We are excited to announce the open-sourcing of Microsoft GW-BASIC on GitHub!
Yes, seriously 😀
Why?
Since re-open-sourcing MS-DOS 1.25 & 2.0 on GitHub last year, we’ve received numerous requests to also open-source Microsoft BASIC.
Well, here we are! 😁
The Source
These sources, as clearly stated in the repo’s readme, are the 8088 assembly language sources from 10th Feb 1983, and are being open-sourced for historical reference and educational purposes. This means we will not be accepting PRs that modify the source in any way.

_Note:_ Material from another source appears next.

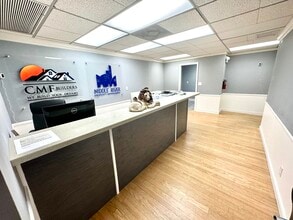 1995 E Oakland Park Blvd, Fort Lauderdale, FL for lease Interior Photo- Image 1 of 10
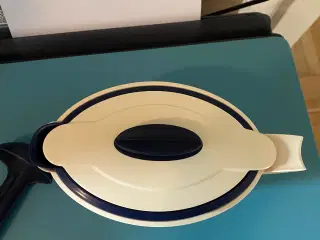 Tupperware sovse skål med ske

A little historical context
The GW-BASIC source code being published is dated Feb 10th 1983. That was quite a while ago, so just to set a little historical perspective:
The week this source was created Men At Work topped the US and UK singles charts with “Down Under”, Dustin Hoffman starred in the #1 US box-office movie, “Tootsie”. In 1983, “Star Wars Episode VI – Return of the Jedi” was released, as was “War Games”! And, Emily Blunt, Kate Mara, Jonah Hill, Chris Hemsworth, and Henry Cavill, were born! Ronald Reagan was President of the USA, and Margaret Thatcher was the UK’s Prime Minister.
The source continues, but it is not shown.